Nevertheless, the Homer who started this epic Iliad was Owen Wister of Seventh and Spruce, Philadelphia.His book The Virginian might be summarized in a single quotation, "When you say that to me, smile." Behind that, of course, was Wister the lion of the Philadelphia Club rebuking his peers. The real theme was "I searched the drawing rooms of Philadelphia and Boston for the gentleman. And I found him on the frontier."
|James Fenimore Cooper|
Part of this complex theme is the underlying outdoors fraternity linking cowboys and Indians, tracing back to James Fenimore Cooper of Camden, NJ ennobling the noble savage in the Last of the Mohicans. Fair treatment for the natives has long been a strong Quaker theme, tracing back to William Penn's deep wisdom about colonization, and also personified in Corn planter the thoughtful Chief of the Iroquois, or Joseph Brant the scholarly Indian leader who translated the Bible, charmed the English monarchy, and then returned home to massacre the town of Lackawaxen. There's a theme here of shooting the circling Indians off their ponies, take no prisoners, mixed with the tragic white woman who falls in love with the equally tragic Indian brave, all doomed from the start. There's the sheriff with a shady past, going forth to shoot it out with outlaws while his Quaker wife watches out the window, because he is true to the Code of the West. Grace Kelly was surely no Quaker, but the Philadelphia hint is unmistakable.
It may take a century or more, but some American Homer is surely going to write the definitive epic based on this story. Meanwhile, Zane Grey tried his best. His version has a lot of Philadelphia in it, and not only because he went to the University of Pennsylvania on a baseball scholarship. He graduated from Penn as a dentist, practiced in New York for six years, and hated every minute of it. Writing cowboy stories in his spare time, he gladly quit dentistry after his first publishing success, and moved over to Lackawaxen, PA to write in the woods. Lackawaxen is a great fishing spot, and was once a flourishing resort community at the confluence of the railroad and canal systems, now long since decayed and gone. He lived there for fifteen years, and asked to be buried there. His home is now a museum.

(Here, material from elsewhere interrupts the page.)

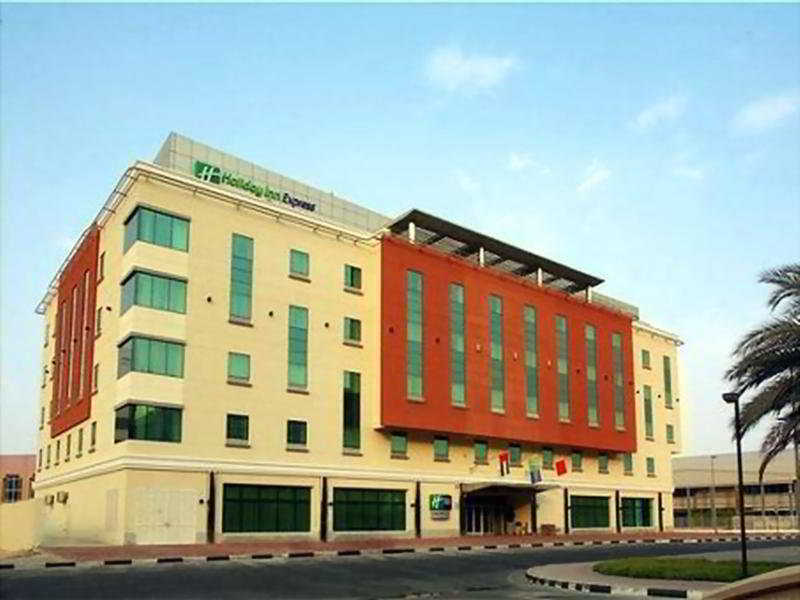 Express Safa Park By Ihg Hotel Dubai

Pearl Grey became Zane Grey by way of P. Zane Grey, DDS. He had been born in Zanesville, Ohio, the son of a Quaker mother who belonged to the founding Zane family, and a preacher-farmer father who had insisted on the dentistry idea. All his life, Zane Grey was a vigorous sportsman, most unlikely to warm to an effeminate name like Pearl. Or gentle Quaker ways, either; but like his cowboy heroes he was obedient to his code. Most of his life he managed to go fishing more than two hundred times a year, and produced two thousand words of writing almost every week. He wrote a hundred thousand words a year, and kept it up for thirty years. He published sixty books in his lifetime, and thirty more of his books have appeared since his death. His material was the basis for forty movies, and many short stories. Six of his books are about fishing, but mostly he wrote sophisticated variations on the theme of the wild West, the cowboy true to his code, and the noble savage. He was the first American author to become a millionaire from his writings. It seems sort of a pity that he was overtaken by the pressures of commercial success, and consumed by his extraordinary drive and diligence to the point where very little time was left for the Great American Epic of the West. He lived in California for many years, but it seems unlikely there were enough hours in his day to shake loose from Quaker origins.
The same is true of Ronald Reagan and his Iowa origins, but somehow that does not capsulize what the American cowboy represents. Somehow there is something in common about the former Confederate cavalrymen who were the early cowboys, the Quakers befriending the Indians, and the Iowa boy who was to negotiate the end of the Cold War with the Evil Empire. It is somehow a matter of remaining true to your roots while dealing fairly with strangers. It lies in Reagan's motto as much as the Virginian's barroom warning. Trust, but verify.